But I Regress:

Using R to model data in different ways

Data Preprocessing

This next section just deals with data filtering and cleanup to make it more usable for the analysis we’re about to perform.

dataset <- read.csv("HEALTH_PHMC_24102017160155249.csv") # Importing the data
names(dataset) # See different features that the dataset has
 [1] "VAR"        "Variable"   "UNIT"       "Measure"    "COU"       
 [6] "Country"    "YEA"        "Year"       "Value"      "Flag.Codes"
[11] "Flags"     
dataset <- dplyr::filter(dataset, # Filters by rows containing
                         Measure == "Million US$ at exchange rate")
dataset <- dplyr::select(dataset, year = Year, country = Country,
                         value = Value) # Filters by column
total.revenue <- aggregate(dataset$value, by=list(dataset$year), FUN=sum)
total.revenue <- total.revenue[1:35,]
total.revenue[1] <- 1:35
names(total.revenue) <- c("year", "value") # names columns for easier reference
names(total.revenue)
[1] "year"  "value"

Linear Regression

Linear regression is one of the most basic forms of regression. It uses the equation \[ y = mx + b \] Where \(m\) is the slope of the line and \(b\) is where the line crosses the \(y\) axis (also known as the \(y\)-intercept) \(m\) can be found by the equation \[ m = \frac{y_{2} - y_{1}}{x_{2} - x_{1}} \] Where \(x_{1}\), \(y_{1}\) are the coordinates of point 1 and \(x_{2}\), \(y_{2}\) are the coordinates of point 2. With linear regression, we can have R do this for us. It is a very basic form of machine learning.

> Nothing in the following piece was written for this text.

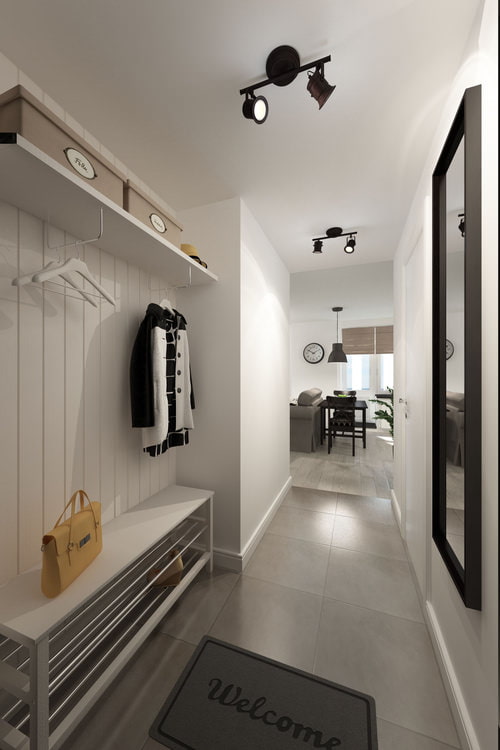 Flur im Design eines Studio-Apartments von 33 m².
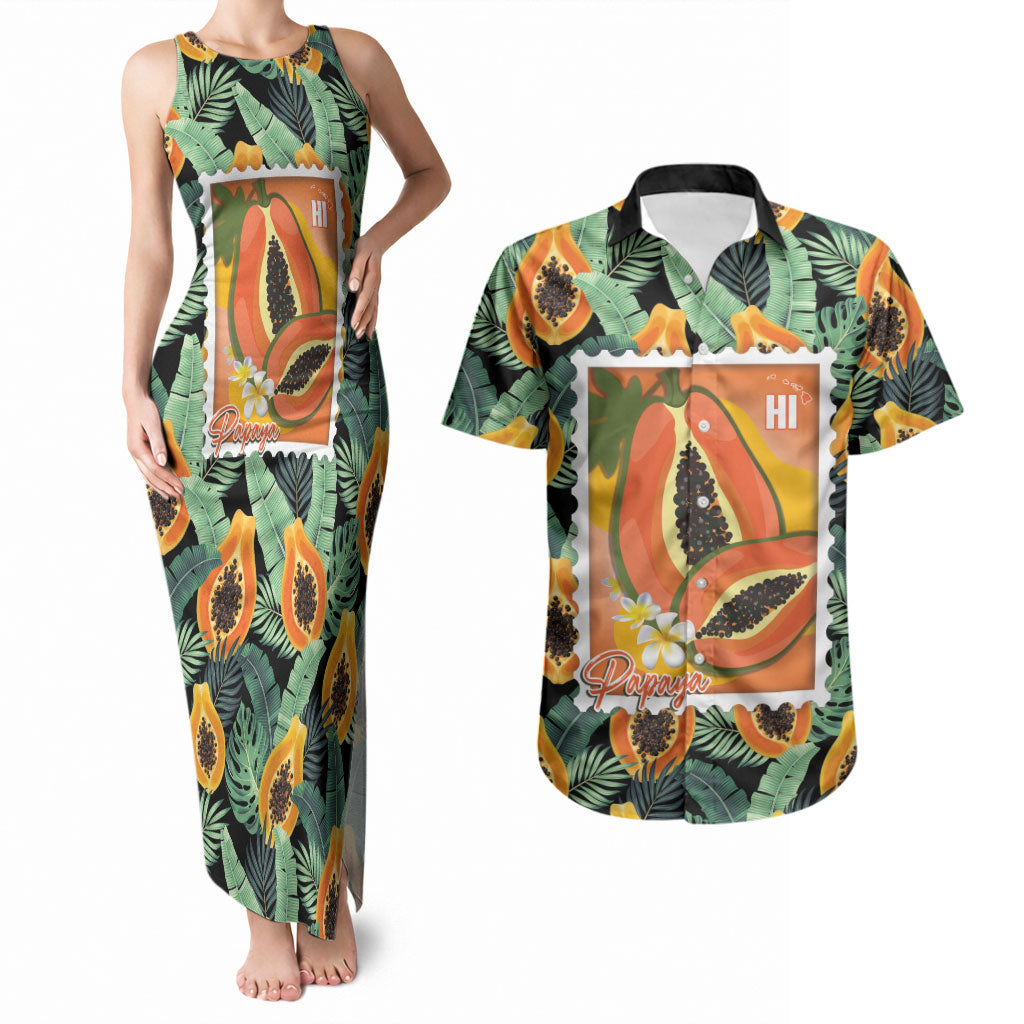 Aloha Hawaii Mikana Couples Matching Tank Maxi Dress and Hawaiian Shirt Hawaiian Papaya Stylized Stamp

# Below we will be making a 'linear machine' or lm.
regressor <- lm(formula = value ~ year, data = total.revenue)
y.test <- data.frame("year" = 1:35, "value" = 0)
y.pred <- predict(regressor, newdata = y.test)
y.test[2] <- NULL
y.pred <- data.frame("year" = 1:35, "value" = y.pred)

Now we can use ggplot2, a toolset available to \(R\) analysts based on “The Grammar of Graphics” concept, to plot these two values.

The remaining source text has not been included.